What you should do =>
Skip the pictures and write out, word for word, the lines below from the one with "c1910 Printed Postcard;" through the one with "2026 AGT Excavator", inclusive.

Input for this task =>
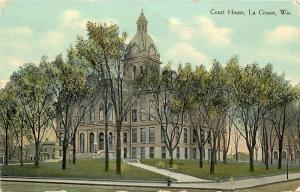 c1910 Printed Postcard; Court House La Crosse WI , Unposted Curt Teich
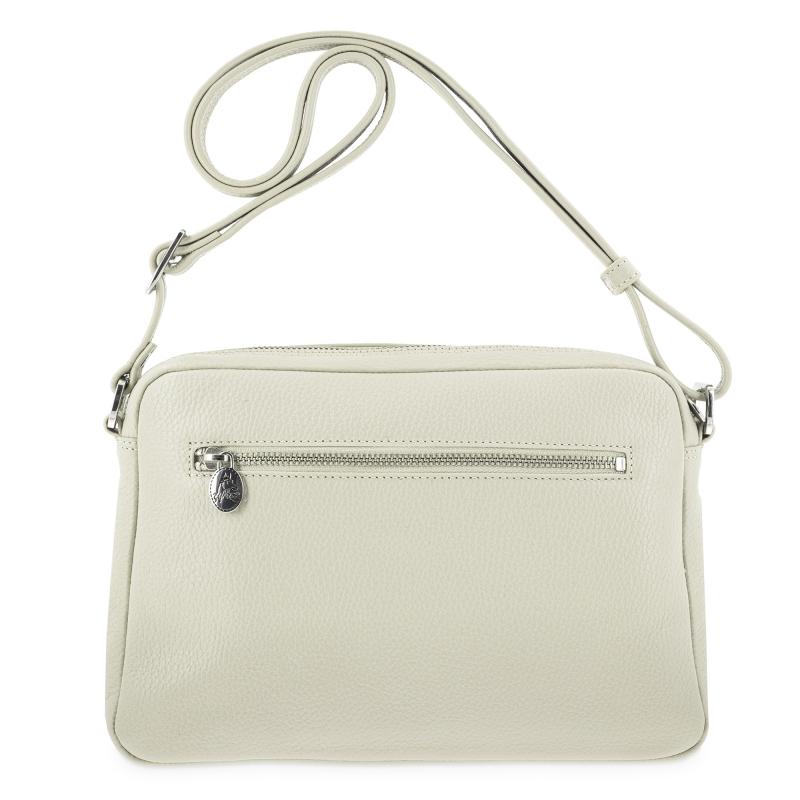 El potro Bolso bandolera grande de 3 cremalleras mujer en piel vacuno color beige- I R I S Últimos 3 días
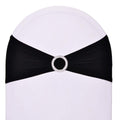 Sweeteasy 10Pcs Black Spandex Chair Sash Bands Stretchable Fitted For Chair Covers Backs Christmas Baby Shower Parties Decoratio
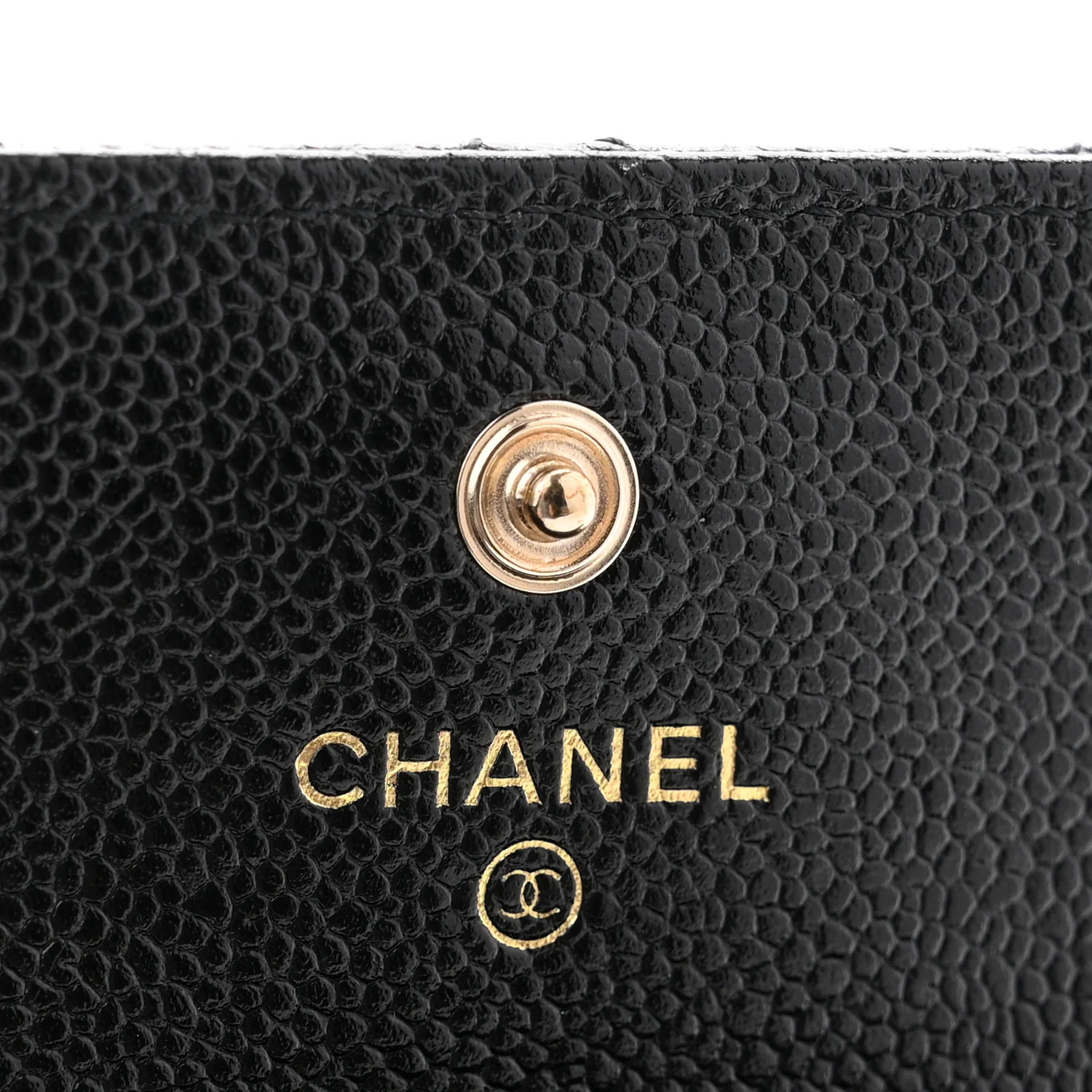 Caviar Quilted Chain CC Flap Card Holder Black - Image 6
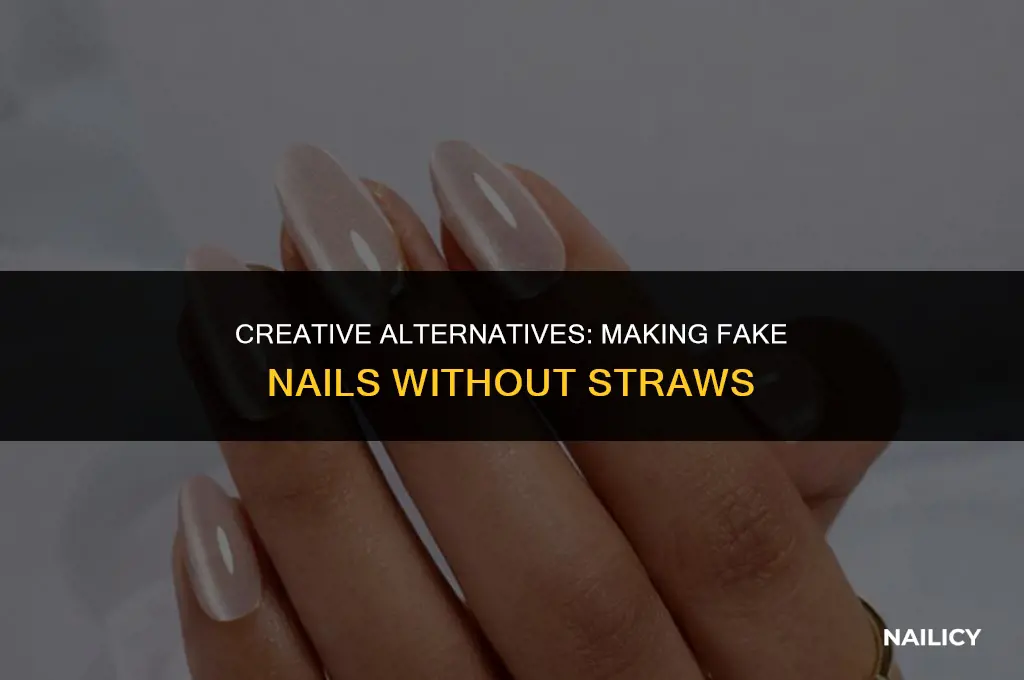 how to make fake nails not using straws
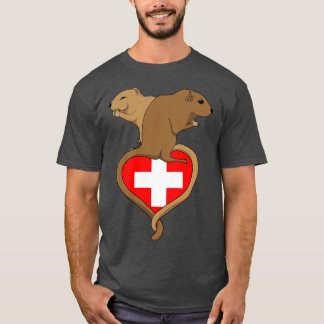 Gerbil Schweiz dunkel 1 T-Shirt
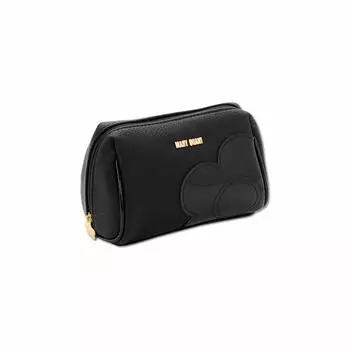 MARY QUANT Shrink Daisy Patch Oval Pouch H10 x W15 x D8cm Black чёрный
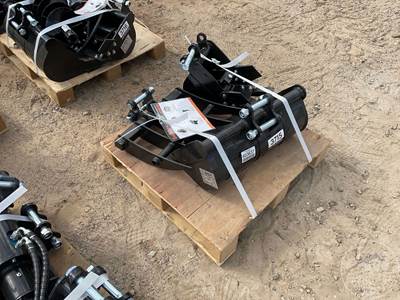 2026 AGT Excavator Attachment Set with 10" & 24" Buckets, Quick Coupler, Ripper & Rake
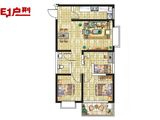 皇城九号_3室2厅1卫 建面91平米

---

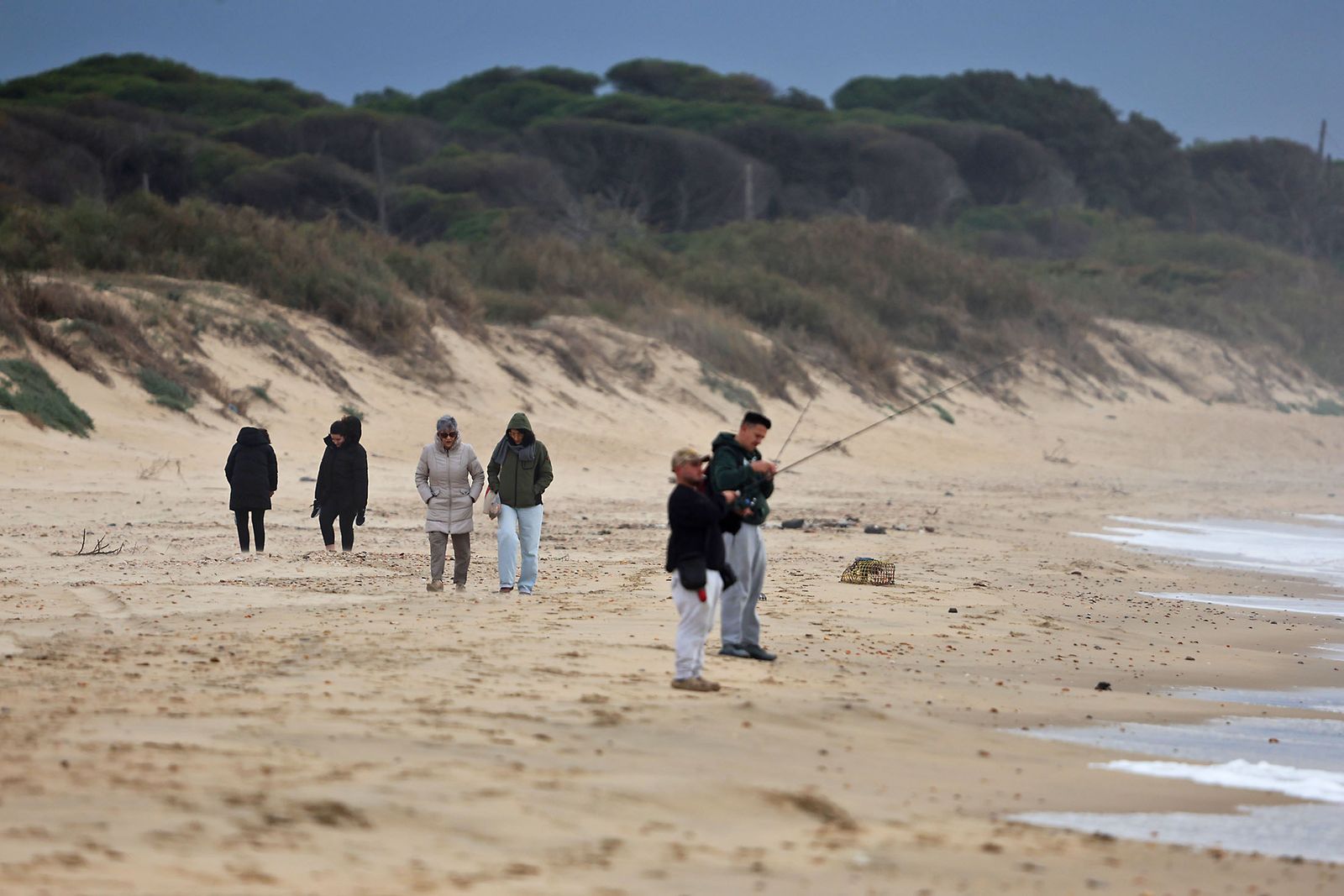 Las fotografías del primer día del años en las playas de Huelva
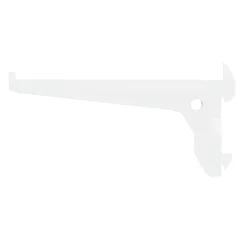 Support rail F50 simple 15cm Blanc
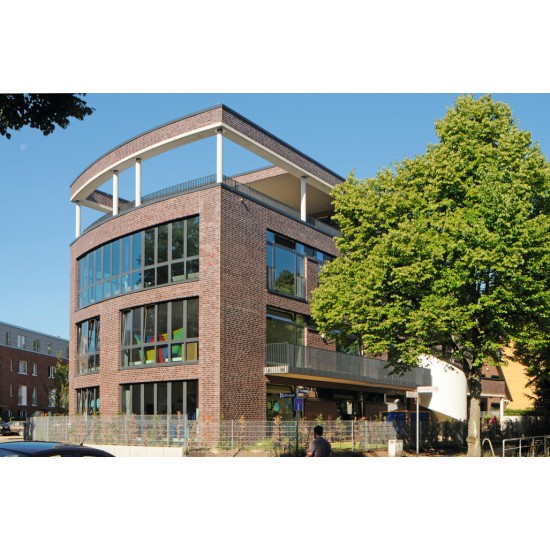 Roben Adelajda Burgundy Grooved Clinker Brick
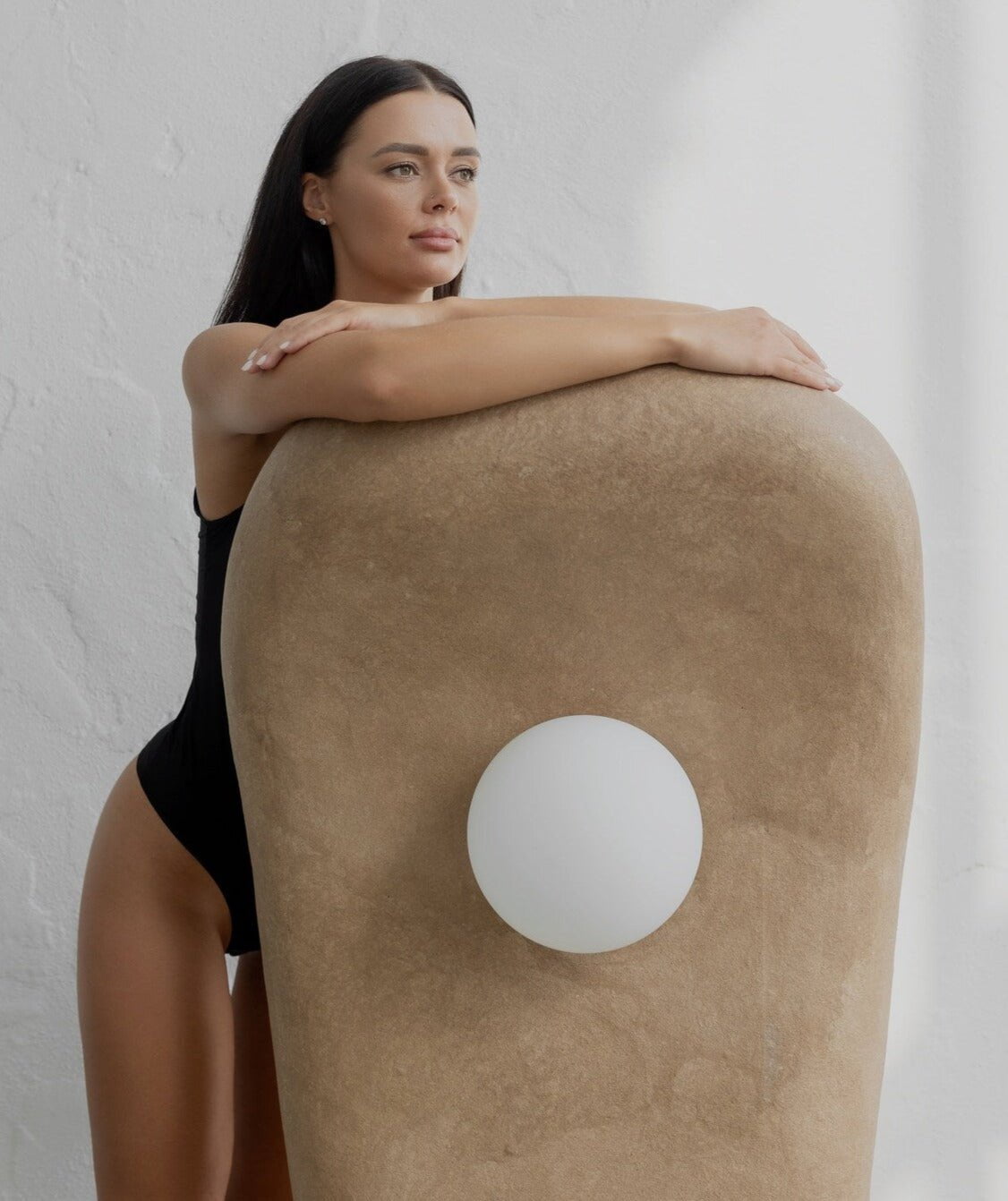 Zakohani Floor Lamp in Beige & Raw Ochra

Completed exercise =>
 c1910 Printed Postcard; Court House La Crosse WI , Unposted Curt Teich
 El potro Bolso bandolera grande de 3 cremalleras mujer en piel vacuno color beige- I R I S Últimos 3 días
 Sweeteasy 10Pcs Black Spandex Chair Sash Bands Stretchable Fitted For Chair Covers Backs Christmas Baby Shower Parties Decoratio
 Caviar Quilted Chain CC Flap Card Holder Black - Image 6
 how to make fake nails not using straws
 Gerbil Schweiz dunkel 1 T-Shirt
 MARY QUANT Shrink Daisy Patch Oval Pouch H10 x W15 x D8cm Black чёрный
 2026 AGT Excavator Attachment Set with 10" & 24" Buckets, Quick Coupler, Ripper & Rake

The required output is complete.